Dataset entries:
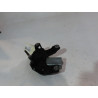 Moteur essuie-glace arrière occasion  Mini MINI (R56) Cooper (2006-2012)   67636932013  miniature 4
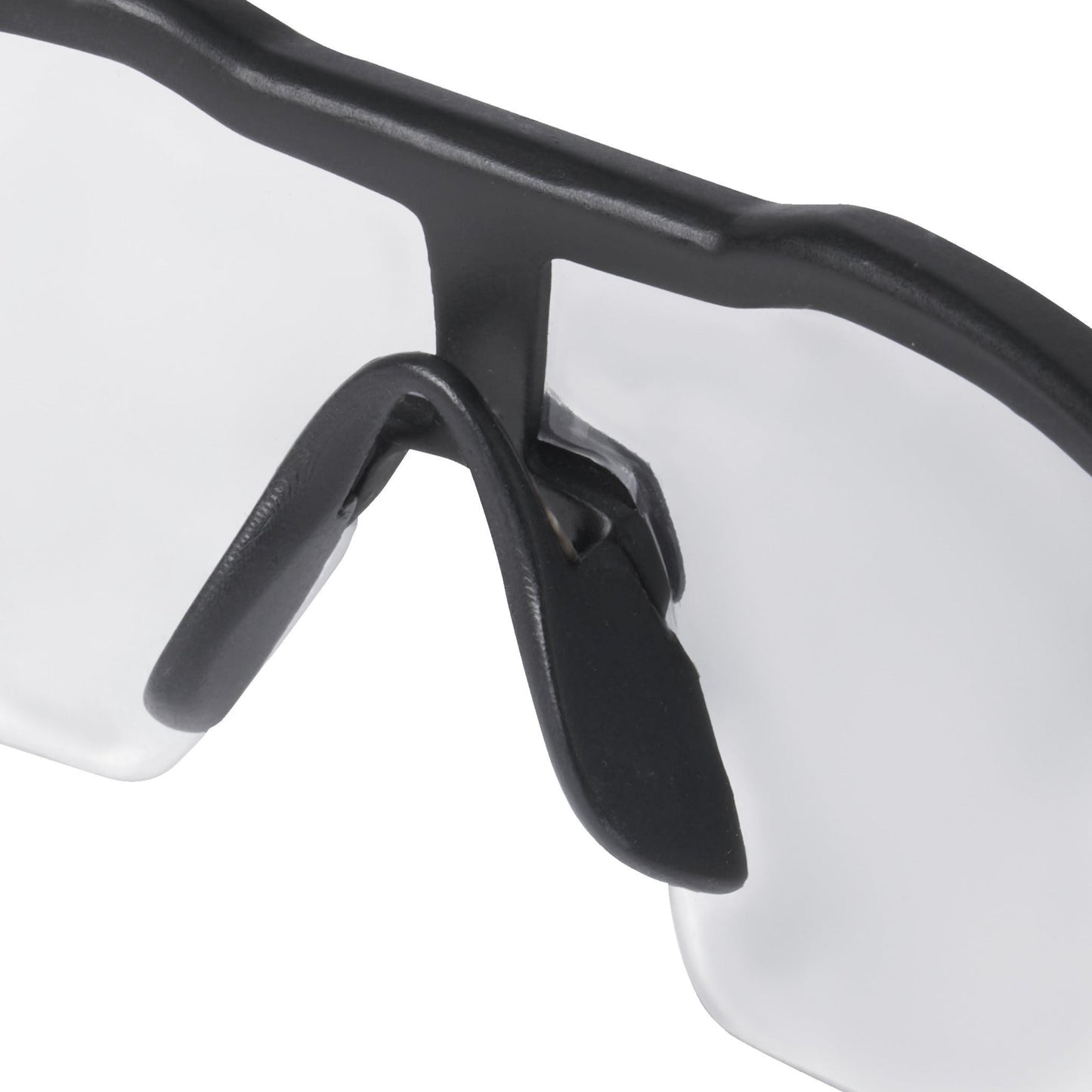 Lunettes de protection Milwaukee anti-rayures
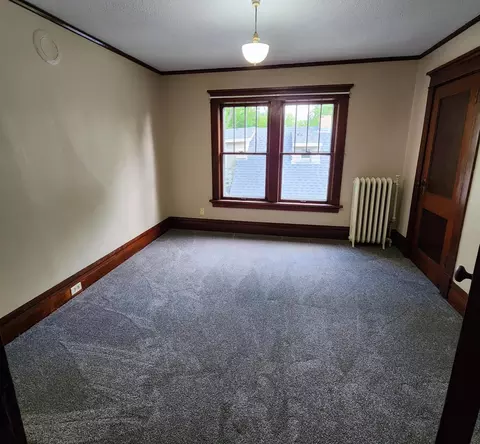 Bedroom - 405 Ann St, Willmar, MN 56201 photo 1 of 2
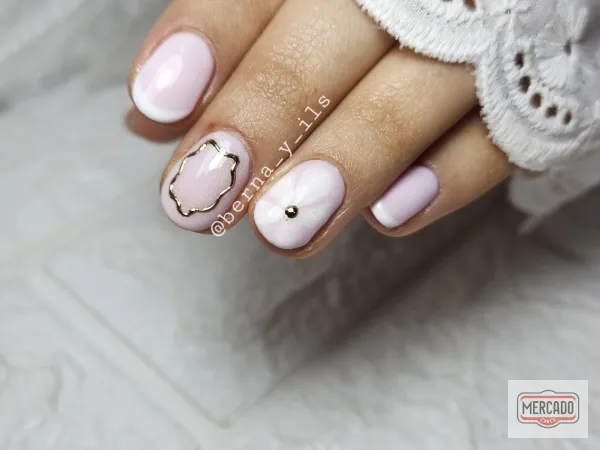 inbound4534579155768739389.jpg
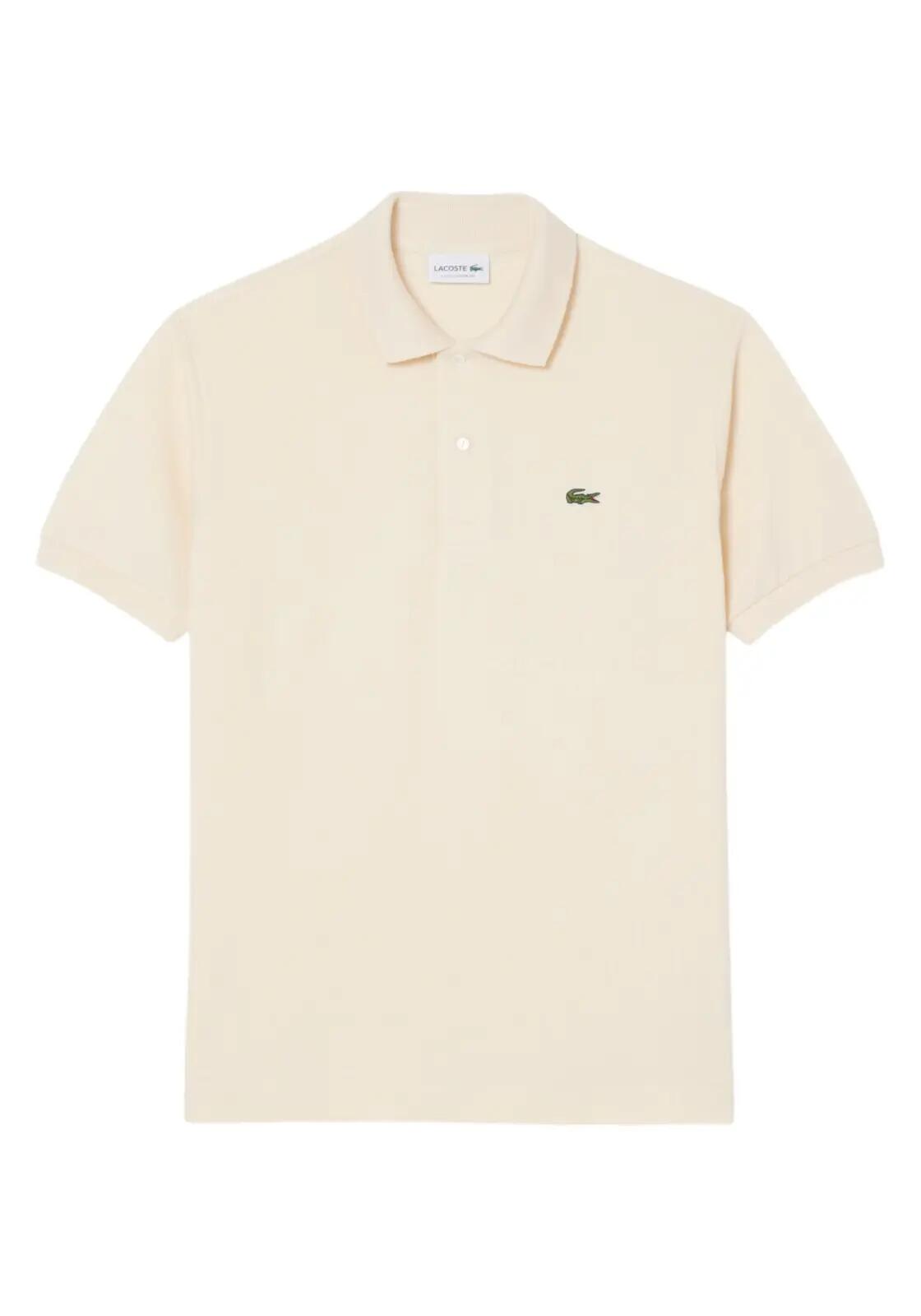 LACOSTE picture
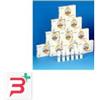NAMED Srl NOMABIT LARCH GLOBULI 6G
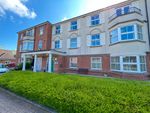 Thumbnail to rent in Compton Court, Rugby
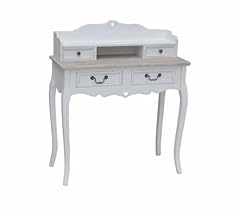 Milani home scrittoio usato  Spedito ovunque in Italia 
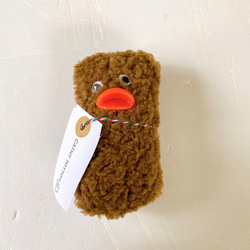 モグたん様へ専用ページ もぐたん ぬいぐるみ Cathy_ToyToy 通販 14192348｜Creema(クリーマ)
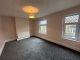 Thumbnail Terraced house for sale in Fowler Street, Wainfelin, Pontypool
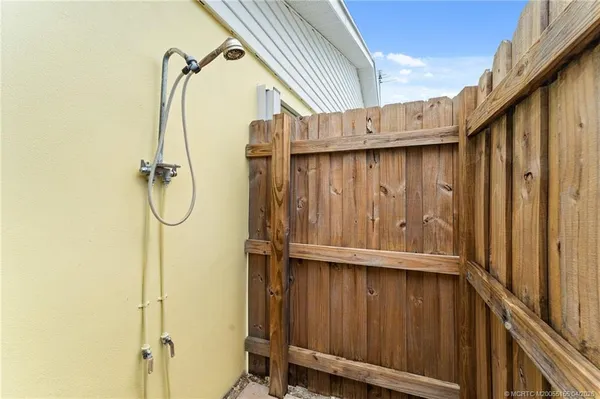 $544,444 | 1858 Northwest Azalea Street, Stuart, FL 34994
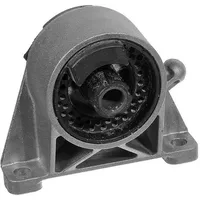 Meyle Lagerung Motor 614 068 0003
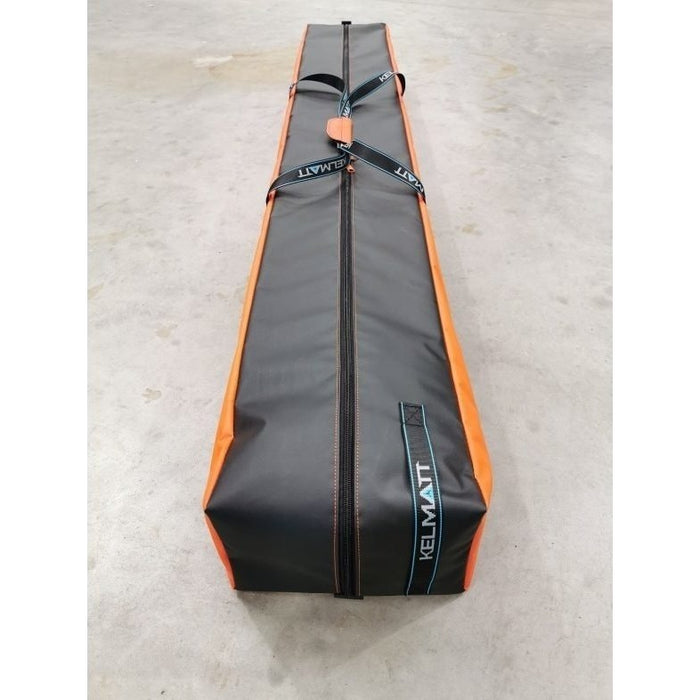 Tent Bag for Oztent RV 5 & RX5 - AMD Touring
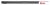 Ноутбук Apple Macbook Pro 16.2" M4 Max 2024 MX303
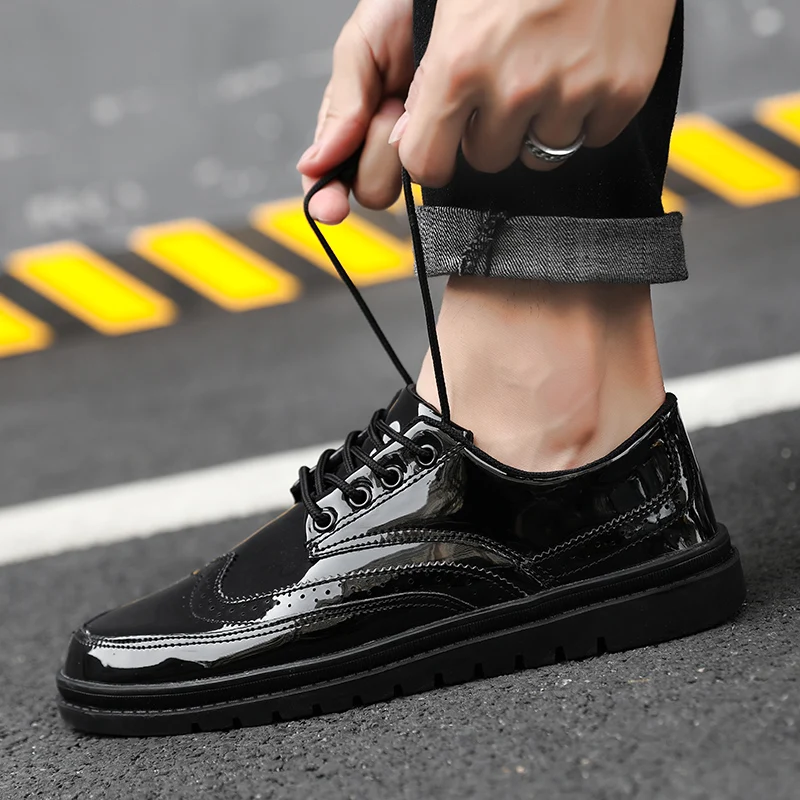 men sneakers (19)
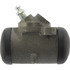 134.62042 by CENTRIC - Centric Premium Wheel Cylinder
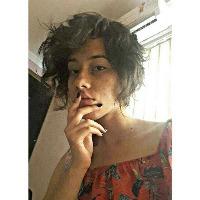 Anart_vit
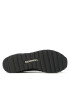 Merrell Сникърси Alpine Sneaker Sport J003263 Черен - Pepit.bg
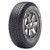 Goodyear Wrangler Fortitude HT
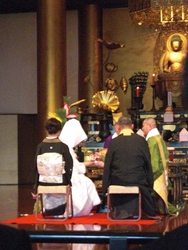 20091004 004.JPG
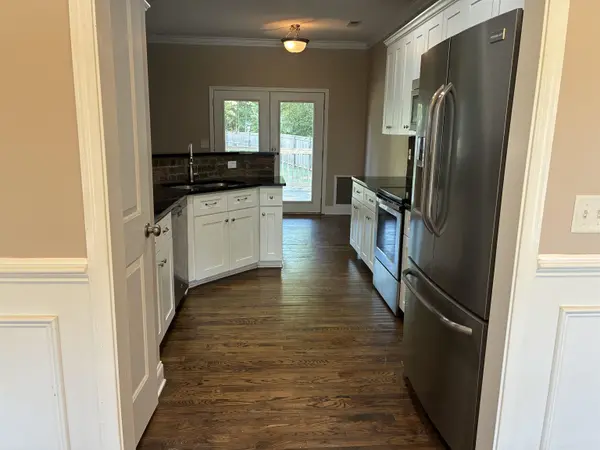 1000 Sheila AVE, Greer, SC 29651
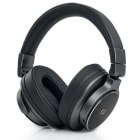 FINDIS Pays De Loire - Casque BLUETOOTH, - Casque circum- aural Bluetooth - Système mains- l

§ **Activity**:
Return verbatim every line from the line containing "モグたん様へ専用ページ もぐたん ぬいぐるみ" to the last line of the entries above, inclusive, and leave out the pictures.

§ **Response to this exercise**:
 モグたん様へ専用ページ もぐたん ぬいぐるみ Cathy_ToyToy 通販 14192348｜Creema(クリーマ)
 Thumbnail Terraced house for sale in Fowler Street, Wainfelin, Pontypool
 $544,444 | 1858 Northwest Azalea Street, Stuart, FL 34994
 Meyle Lagerung Motor 614 068 0003
 Tent Bag for Oztent RV 5 & RX5 - AMD Touring
 Ноутбук Apple Macbook Pro 16.2" M4 Max 2024 MX303
 men sneakers (19)
 134.62042 by CENTRIC - Centric Premium Wheel Cylinder
 Anart_vit
 Merrell Сникърси Alpine Sneaker Sport J003263 Черен - Pepit.bg
 Goodyear Wrangler Fortitude HT
 20091004 004.JPG
 1000 Sheila AVE, Greer, SC 29651
 FINDIS Pays De Loire - Casque BLUETOOTH, - Casque circum- aural Bluetooth - Système mains- l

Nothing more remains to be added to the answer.